While it may be tempting to conclude the biting cold and endless snow characterizing this winter in the Northern US and Europe is just a random weather event, scientists say it's a result of very rapid climate change.
The warming and melting of the Arctic is happening much faster than expected. Some experts expect the summer Arctic ice cover to be essentially gone in as little as five years. Just a few years ago, no one thought a summer ice-free Arctic could happen before 2060.
Arctic temperatures have been 21 degrees C above normal for over a month. New data reveals that huge volumes of warmer water from the North Atlantic are flowing into and warming the Arctic Ocean, researchers reported in the journal Science.
"Boats were still in the water during the first week of January," said David Phillips, a senior climatologist with Environment Canada, referring to southern Baffin Island, some 2,000 km north of Montreal. This is a region that receives just four or five hours of weak sunlight during the long winter. Temperatures normally range from -25 to -35 degrees C but were above zero on some days in January.
An international team of researchers analysed marine sediments and found that temperatures of the northward inflowing Atlantic water varied by just a few tenths of a degree Celsius during the past 2,000 years. However, in the last hundred years temperatures have shot up by two degrees C.

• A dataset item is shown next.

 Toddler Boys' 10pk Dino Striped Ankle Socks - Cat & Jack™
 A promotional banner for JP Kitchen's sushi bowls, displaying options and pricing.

The Arctic and Antarctic regions are key drivers of Earth's climate. The snow and cold in the eastern US and Europe during last year's winter is being repeated this year - likely the result of the loss of Arctic sea ice.
Over 90% of excess heat trapped in the atmosphere from burning fossil fuels is going into the oceans.
As more and more sea ice melts, there is more open water to absorb the summer sun's heat. A day of 24-hour summer sun in the Arctic puts more heat on the surface of the ocean than a day in the tropics, James Overland of the NOAA/Pacific Marine Environmental Laboratory in the United States told Inter Press Service .
That extra heat in the ocean is gradually released into the lower atmosphere from October to January as the region slowly re-freezes months later than normal. This is a fundamental change - a large part of the Arctic Ocean is radiating heat instead of being cold and ice-covered. That has disrupted wind circulation patterns in the northern hemisphere, reported Overland and other researchers at the International Polar Year Oslo Science Conference in Norway last June.
The result: the Arctic stays warm and mid-latitude regions become colder and receive more snow for much of the winter. Last December was the coldest south Florida has experienced in more than a century of record-keeping.
Most of Britain suffered through its coldest December ever. Up in the Arctic, Coral Harbour on the northwest corner of Hudson Bay was above zero degrees C for two days in early January for the first time in history. Much of the eastern Arctic centred around Baffin Island averaged +21C above normal between Dec. 17 and Jan. 15 this year.
This looks to be the new normal since Arctic experts agree the melting sea ice is now locked into a death spiral.
"In future, cold and snowy winters will be the rule rather than the exception" in the eastern United States and Europe, Overland previously told IPS.
This week the U.S. northeast suffered through its sixth major snowstorm this winter, breaking all snowfall records.